Updated: Apr 20, 2018
When it comes to writing copy, I always prefer a simpler, less syllabic word over one that's longer and fancier.
I also have certain likes and dislikes.
I probably overuse certain words and phrases that I like, such as "That's because..." which makes anything that comes after that seem much more believable...
Or "As you may know", which wins either way--if the reader already knows what you're saying after that phrase, you make him or her feel smart. If they don't know, then they're off the hook because you're not assuming they already know it.
But there's a word I really don't like...and it's not one you or I would likely ever use in actual copy.
However, some of you up-and-coming copywriters have probably tossed it around before with clients, and it's likely causing you more harm than good.
What is this "worst word ever"? (I know, a little dramatic--but that's what I do.)
Short for "spec assignment".
Meaning, you offer to write something for free...and if the client decides to use it, they'll pay you for it.
So how does that work?
I don't really know, because I've never written a spec assignment in my life.
But here's what I'm envisioning: There's some kind of "cattle call" for entries, or a client who may not be inclined initially to hire you asks you to write something and they'll decide later if they want to use it.
You may figure, hey! I'll get a sample for my portfolio, worst case. Best case, I may earn some $$$ and have ongoing work.
Let's talk about the "sample" fallacy first. Can I tell you how many copywriters have sent me "samples" of Word documents (vs. an actual email or link to a sales page or printed promotion)...and called that a "sample"?

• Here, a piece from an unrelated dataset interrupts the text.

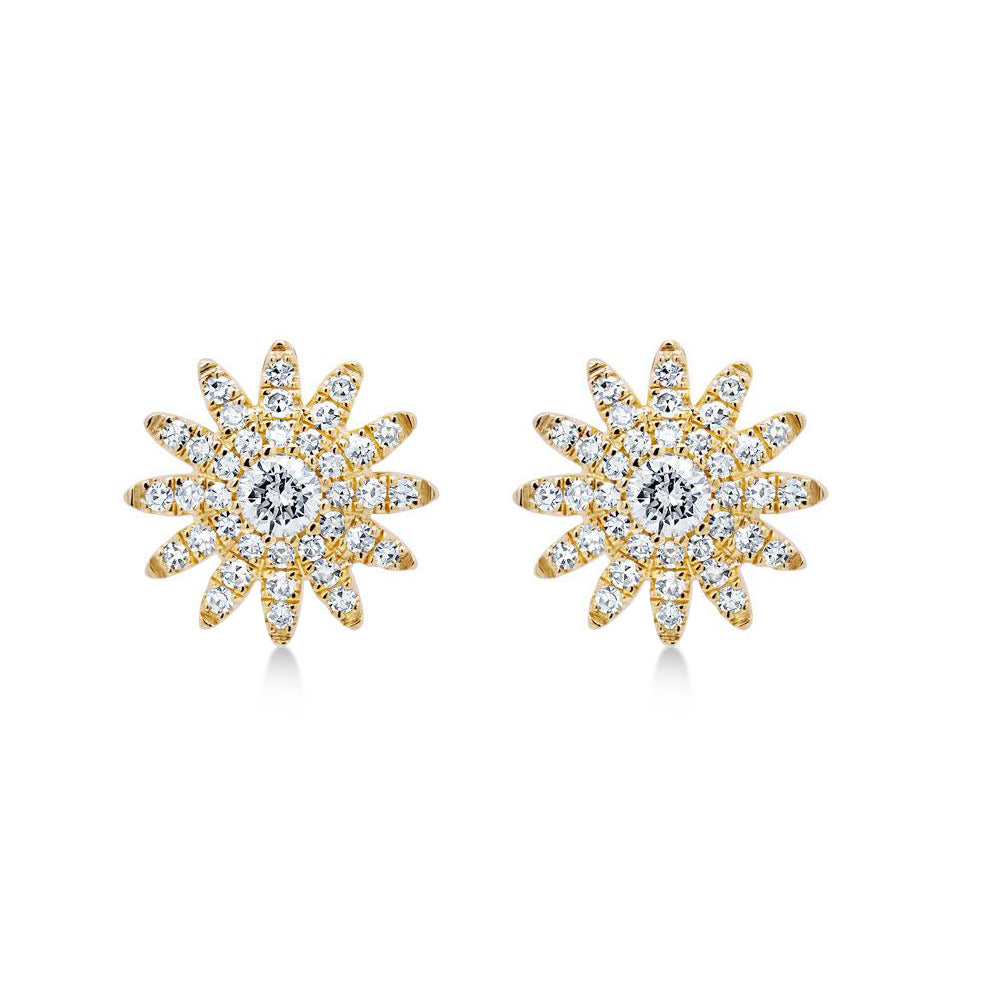Diamond Starburst Stud Earrings 14k Yellow Gold (0.24ct)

Sorry, charlie. I think of a "sample" as something that's actually been used by the client. The problem is, the majority of spec assignments never get that far.
Instead, they linger in a pile on a far corner of a desk or, worse, remain unopened and attached to a long-forgotten and ignored (yet eternally hopeful) email.

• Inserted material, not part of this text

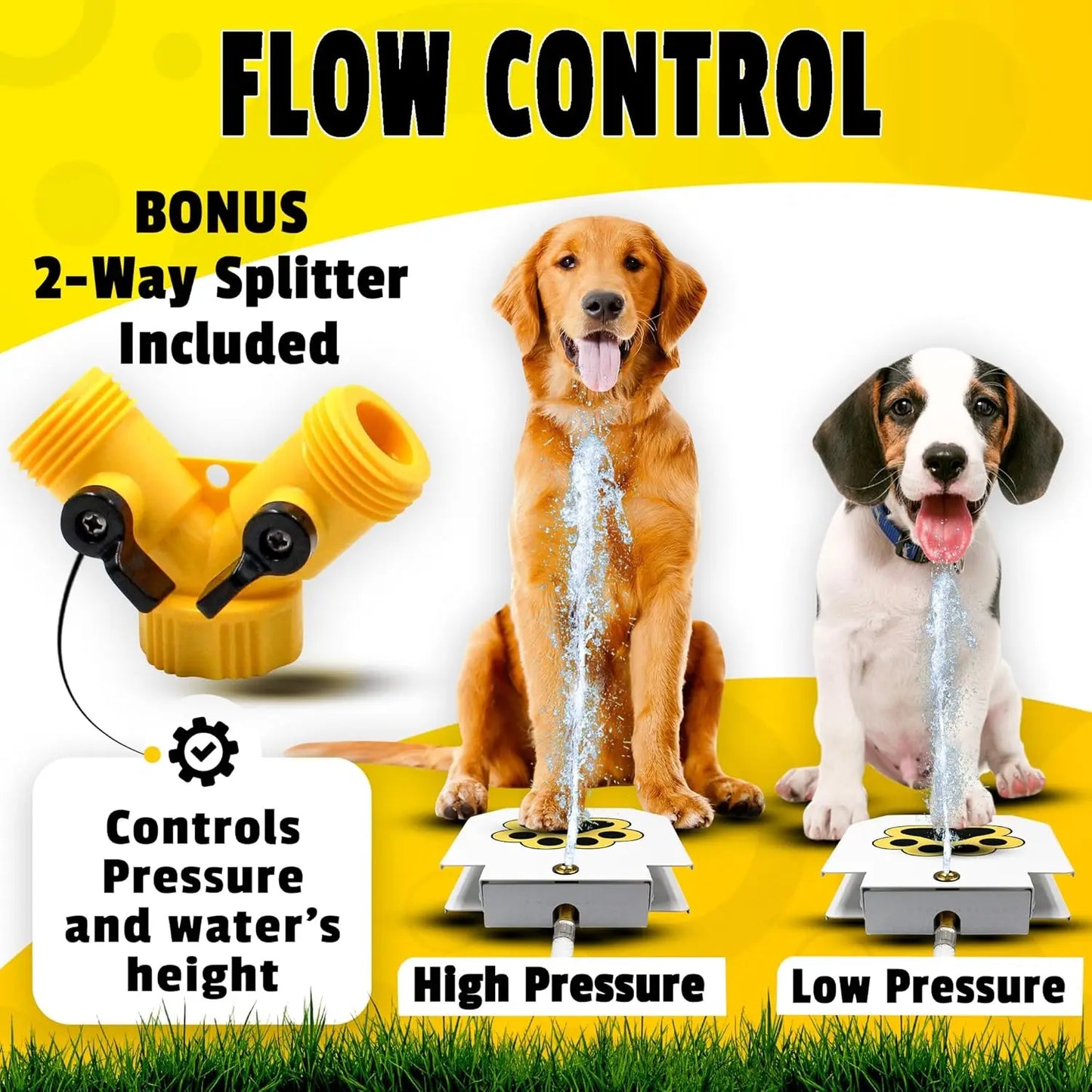 Paw-Activated Outdoor Dog Water Fountain With Garden Hose Connection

Look, if you're a busy marketing director or publisher, you're going to pay the most attention to the copy you need to review that you're actually paying someone to do.
Or let's say your copy gets looked at...how many rounds of edits do you do for "free"? At what point do they say, we're going with this? And then what kind of leverage and bargaining power do you have at that point to cut a good deal for yourself?
You're mostly relying on the client's good will at this point. Now, if they're super impressed, I'd assume they want to make you happy.
But if you're that good, why wouldn't you have asked for money up-front like any solid professional?
I also feel strongly (having just advised a copywriter earlier this afternoon along these lines), that if you offer right out of the gate to write something on spec for a prospective client, you've just labeled yourself "newbie" or worse, "desperate" (and in the client's mind, probably not very good.)
So I really hate when I see people who ARE good copywriters (let alone faking-it-till-they-make-it)use that SPEC word.
Just avoid it like the plague, hear me?
Let's eliminate it from the copy-universe.